Pechino: “I tibetani non devono credere alle bugie del Dalai Lama”

soldati a Lhasa419 dicembre 2018. “I tibetani non devono credere alle bugie del Dalai Lama ma al contrario comprendere l’importanza del governo del Partito Comunista”. E’ quanto pubblicato lo scorso 13 dicembre sull’edizione online del Tibet Daily, organo ufficiale del governo di Pechino.

“Sia che parli di ‘Middle Way’ o di ‘un alto grado di autonomia’, il Dalai Lama cerca di sminuire la leadership del Partito, svilire il sistema socialista e le leggi sull’ordinamento delle minoranze all’interno delle regioni autonome”. Il Dalai Lama – prosegue l’articolo – ha cercato di servirsi di elementi ostili al Partito all’interno di organi di informazione occidentali per diffondere “calunnie e maldicenze” contro la Cina e promuovere l’indipendenza del Tibet ignorando le libertà e il rispetto accordati al popolo tibetano. “Alla luce delle bugie dette dal 14° Dalai Lama, la gente del Tibet dovrebbe essere consapevole che la sostituzione del sistema teistico e feudale del vecchio Tibet con il nuovo Tibet socialista è stata una necessità storica e una vittoria della verità e del popolo”.

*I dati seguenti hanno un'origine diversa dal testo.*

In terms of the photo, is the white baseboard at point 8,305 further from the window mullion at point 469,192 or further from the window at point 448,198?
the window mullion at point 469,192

Parole che sembrano voler dissuadere i tibetani da qualsiasi presa di posizione o manifestazione di protesta nell’avvicinarsi della data del 10 marzo 2019, sessantesimo anniversario dell’insurrezione di Lhasa e della fuga in esilio del leader religioso tibetano. Il governo di Pechino sembra inoltre voler prendere la distanza dalle denunce di numerosi gruppi e dello stesso Alto Commissario delle Nazioni Unite per i Diritti Umani che a più riprese hanno denunciato il crescente deterioramento della situazione in cui versano i tibetani sia all’interno della cosiddetta Regione Autonoma sia nelle altre aree. In tutto il Tibet sono negate la libertà di parola, dello studio e dell’uso della lingua tibetana, di ogni forma di manifestazione di pacifico dissenso, di professare la religione,

Ricordiamo che a Ngaba, il giorno 8 dicembre, Drukho, un giovanissimo tibetano, ha cercato la morte con il fuoco: sopravvissuto alle ustioni, è ora ricoverato in ospedale. Il 10 dicembre, sempre a Ngaba, Sangay Gyatso, un monaco di soli diciassette anni appartenente al monastero di Kirty, ha percorso le vie centrali della città chiedendo a gran voce libertà per il Tibet. Brutalmente picchiato dalla polizia cinese sotto gli occhi dei passanti, testimoni del pestaggio ma impossibilitati a soccorrerlo, è stato poi tratto in arresto.